§ **Task prompt**
Given the records below, the lines starting at the line with "How To Get A Six Pack In 3 Minutes! How" and ending at the line with "Imagem de Kit" should be output exactly, both end lines kept and pictures left out.

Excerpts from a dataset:
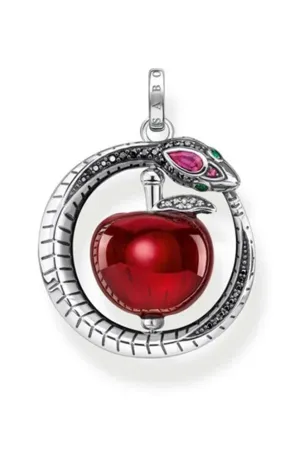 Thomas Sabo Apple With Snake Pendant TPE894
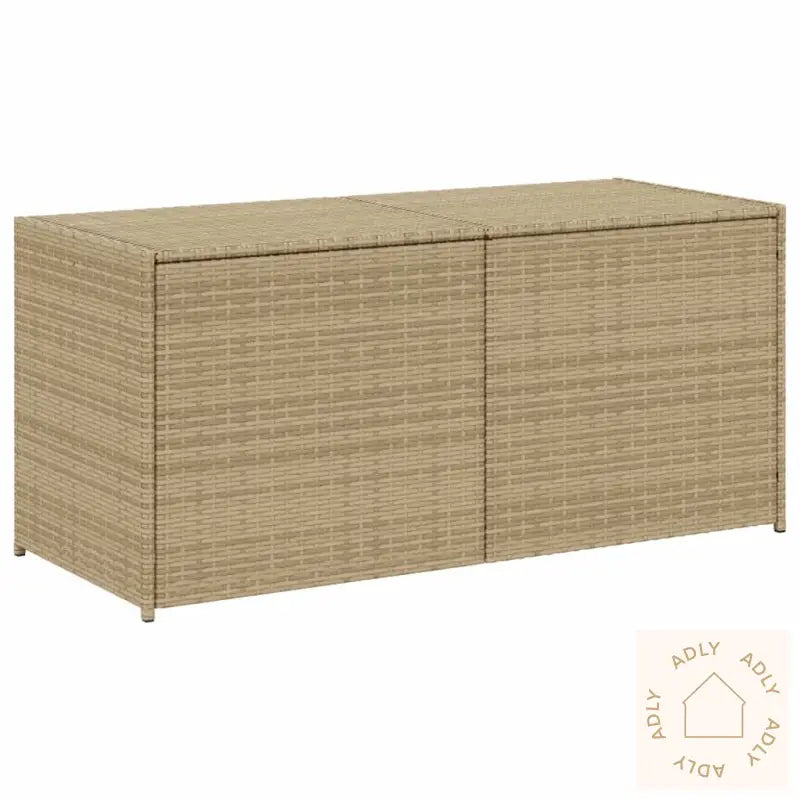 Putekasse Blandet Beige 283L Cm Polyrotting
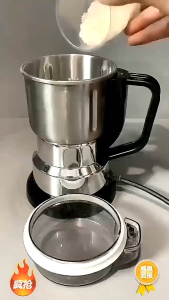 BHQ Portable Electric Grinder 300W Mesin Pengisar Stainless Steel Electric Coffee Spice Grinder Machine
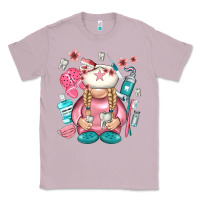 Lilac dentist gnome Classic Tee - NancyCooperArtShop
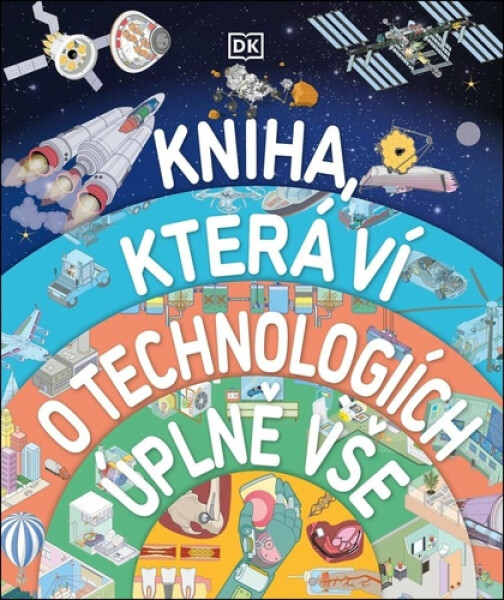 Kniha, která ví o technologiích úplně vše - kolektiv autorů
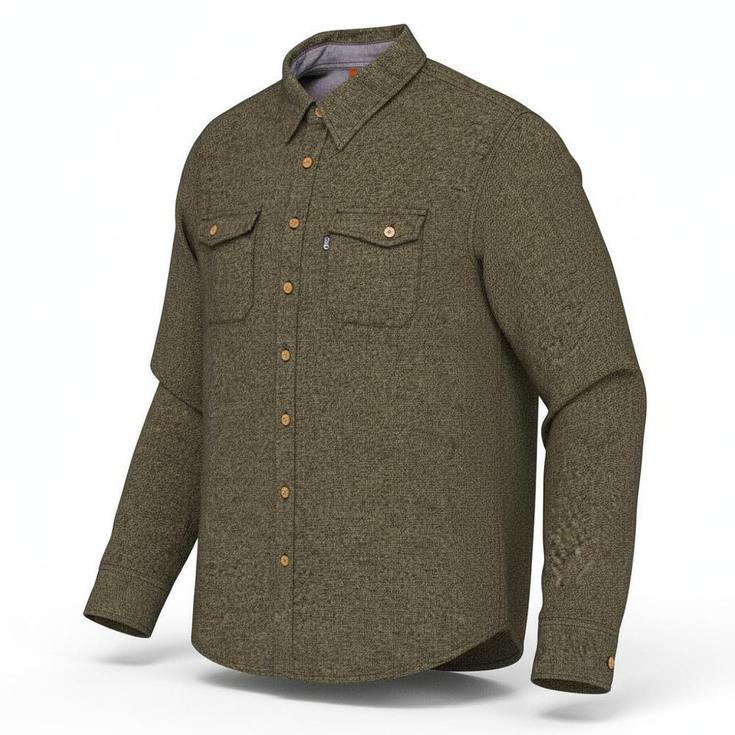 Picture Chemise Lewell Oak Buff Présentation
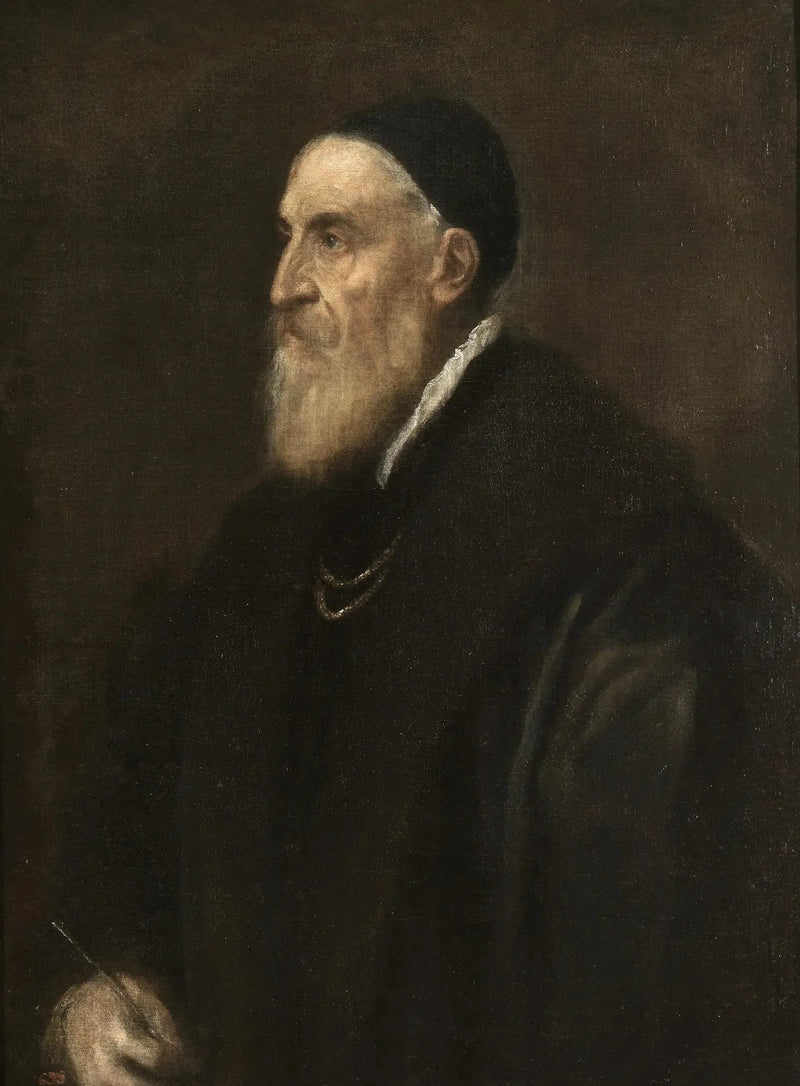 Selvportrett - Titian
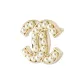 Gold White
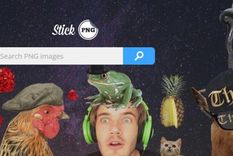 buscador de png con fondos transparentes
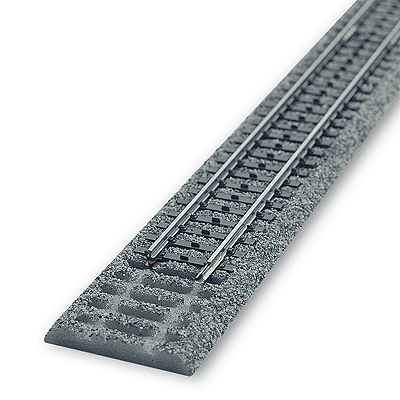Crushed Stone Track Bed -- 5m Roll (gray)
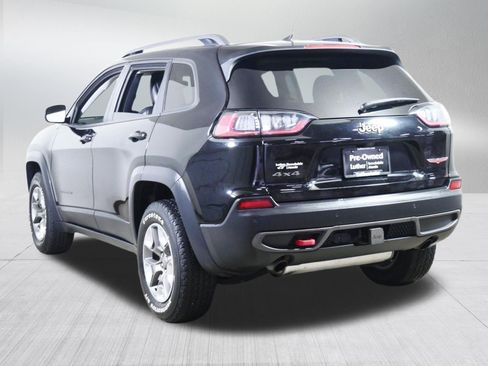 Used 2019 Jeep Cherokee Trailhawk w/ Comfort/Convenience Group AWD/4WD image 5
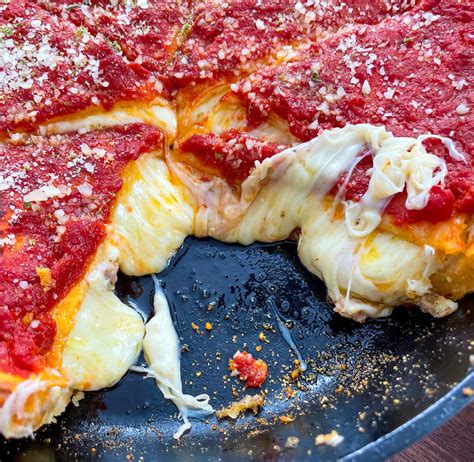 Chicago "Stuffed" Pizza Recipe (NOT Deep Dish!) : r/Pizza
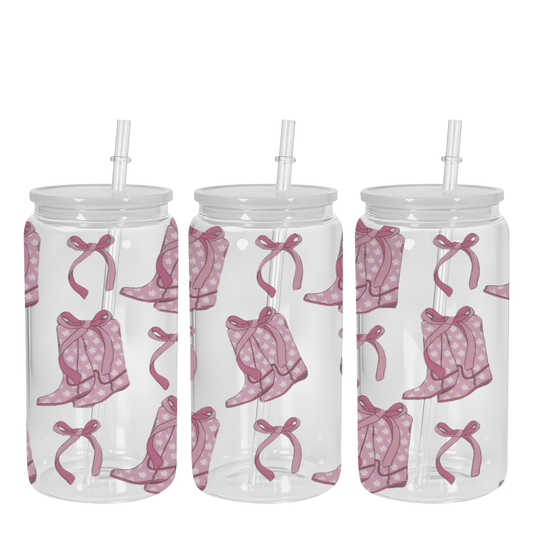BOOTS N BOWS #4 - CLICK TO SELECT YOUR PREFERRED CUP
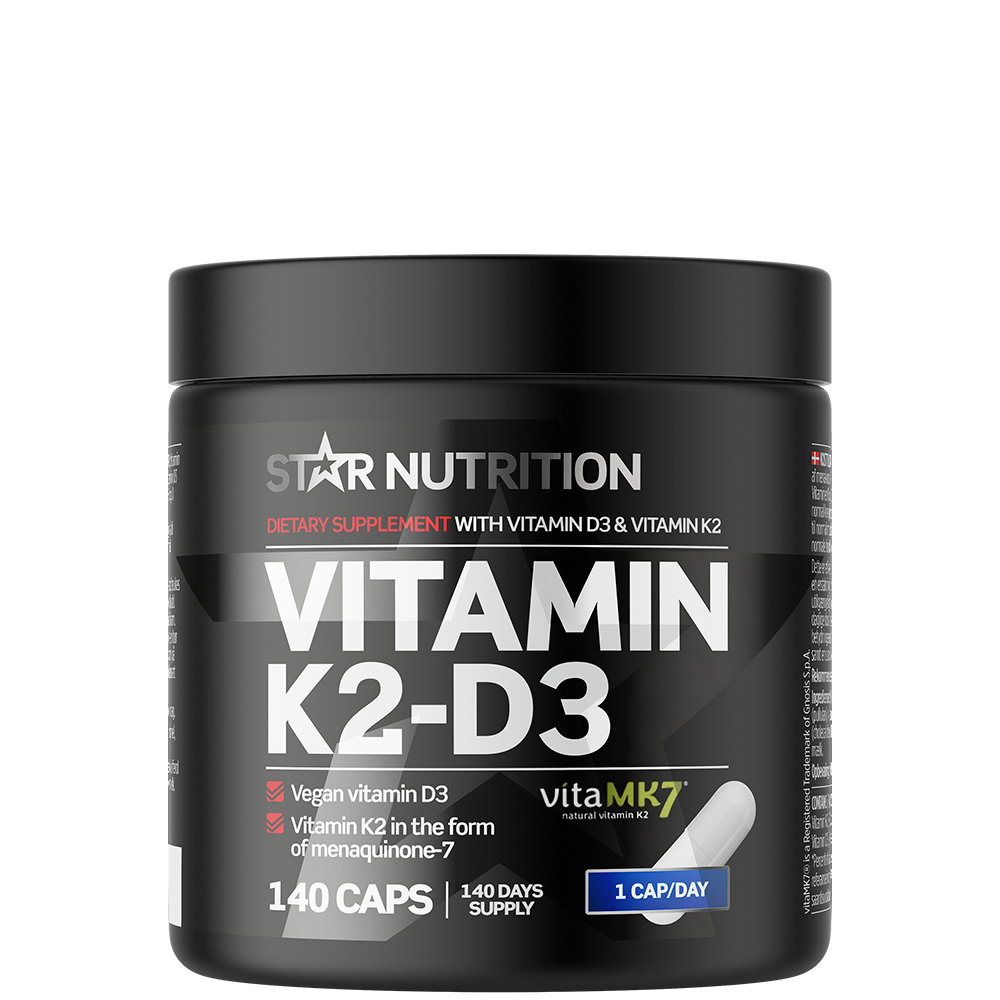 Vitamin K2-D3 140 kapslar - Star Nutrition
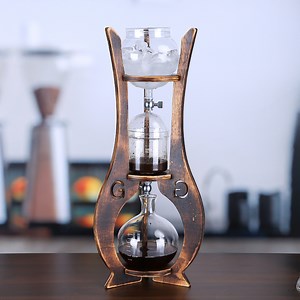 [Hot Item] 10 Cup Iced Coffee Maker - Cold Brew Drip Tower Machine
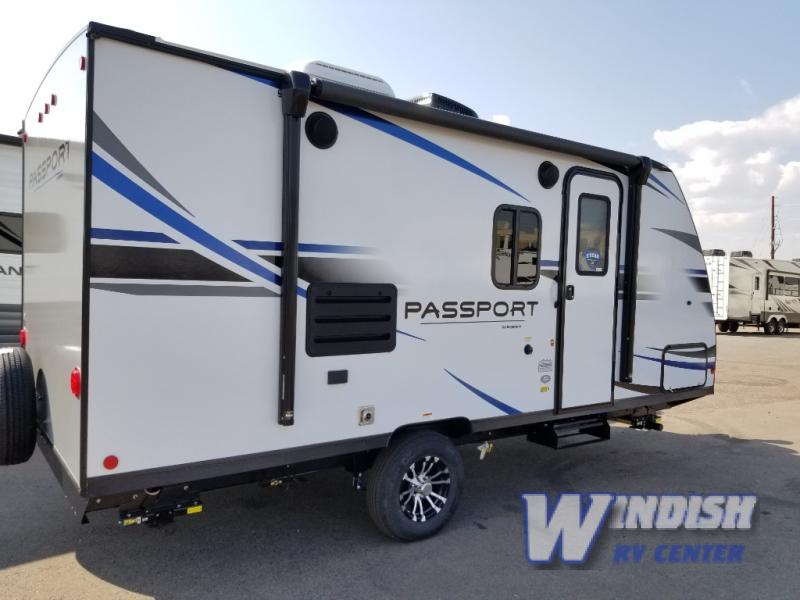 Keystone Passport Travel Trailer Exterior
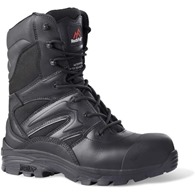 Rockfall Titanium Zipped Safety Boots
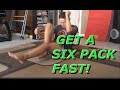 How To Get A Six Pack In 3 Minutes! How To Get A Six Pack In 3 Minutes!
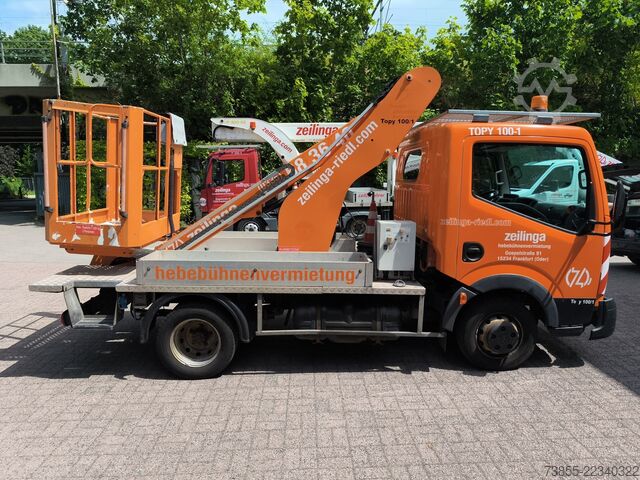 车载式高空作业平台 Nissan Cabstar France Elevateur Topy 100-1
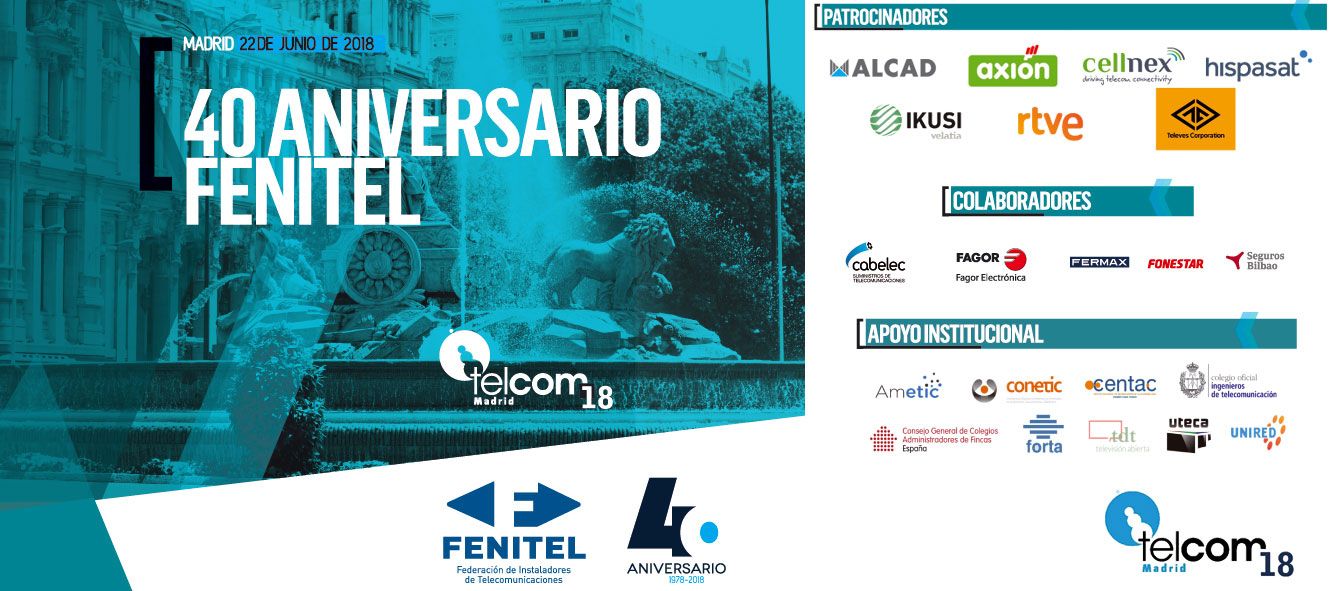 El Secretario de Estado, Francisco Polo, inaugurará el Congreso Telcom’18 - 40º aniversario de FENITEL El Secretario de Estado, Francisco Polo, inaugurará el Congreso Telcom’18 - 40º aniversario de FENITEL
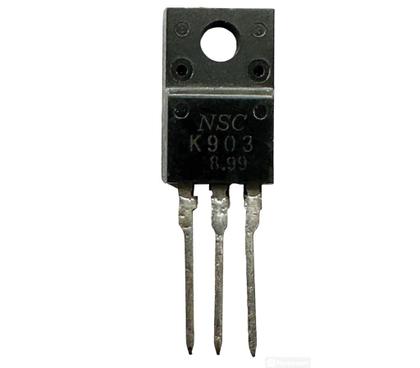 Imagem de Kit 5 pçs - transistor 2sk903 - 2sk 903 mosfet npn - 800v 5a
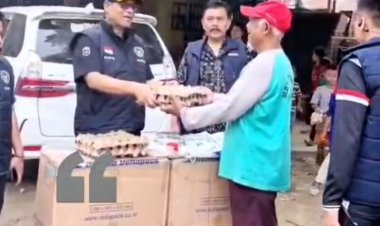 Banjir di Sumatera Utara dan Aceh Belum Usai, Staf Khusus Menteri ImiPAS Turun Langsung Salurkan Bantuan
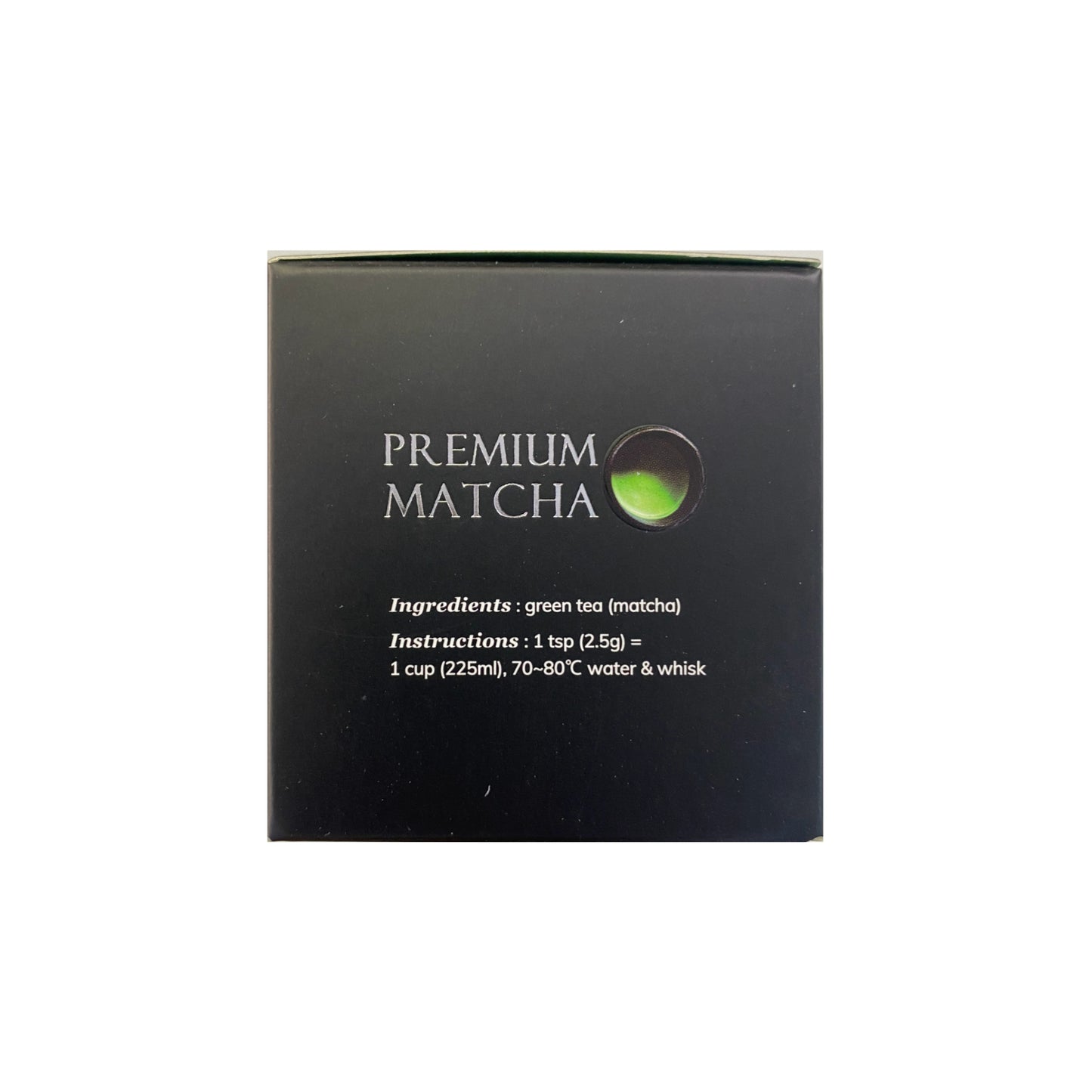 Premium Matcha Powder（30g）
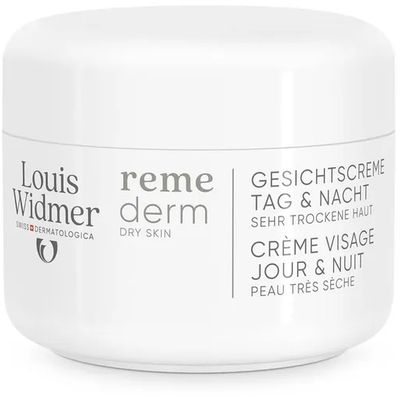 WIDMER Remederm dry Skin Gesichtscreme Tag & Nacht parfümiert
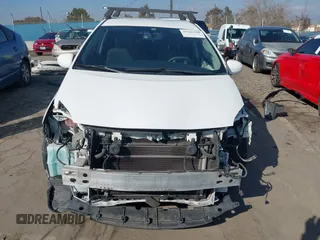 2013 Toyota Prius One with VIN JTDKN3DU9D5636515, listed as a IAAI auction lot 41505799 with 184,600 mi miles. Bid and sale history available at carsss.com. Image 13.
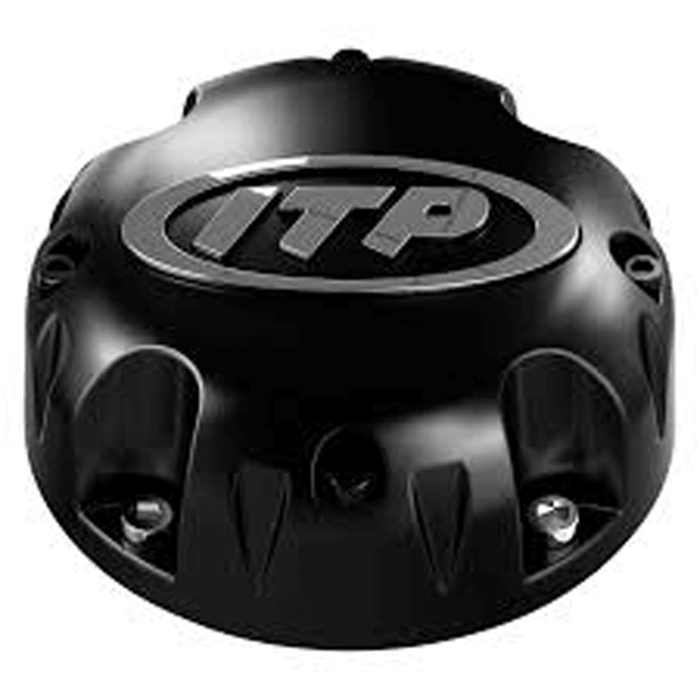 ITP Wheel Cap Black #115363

§ **Problem solution**
 How To Get A Six Pack In 3 Minutes! How To Get A Six Pack In 3 Minutes!
 车载式高空作业平台 Nissan Cabstar France Elevateur Topy 100-1
 El Secretario de Estado, Francisco Polo, inaugurará el Congreso Telcom’18 - 40º aniversario de FENITEL El Secretario de Estado, Francisco Polo, inaugurará el Congreso Telcom’18 - 40º aniversario de FENITEL
 Imagem de Kit 5 pçs - transistor 2sk903 - 2sk 903 mosfet npn - 800v 5a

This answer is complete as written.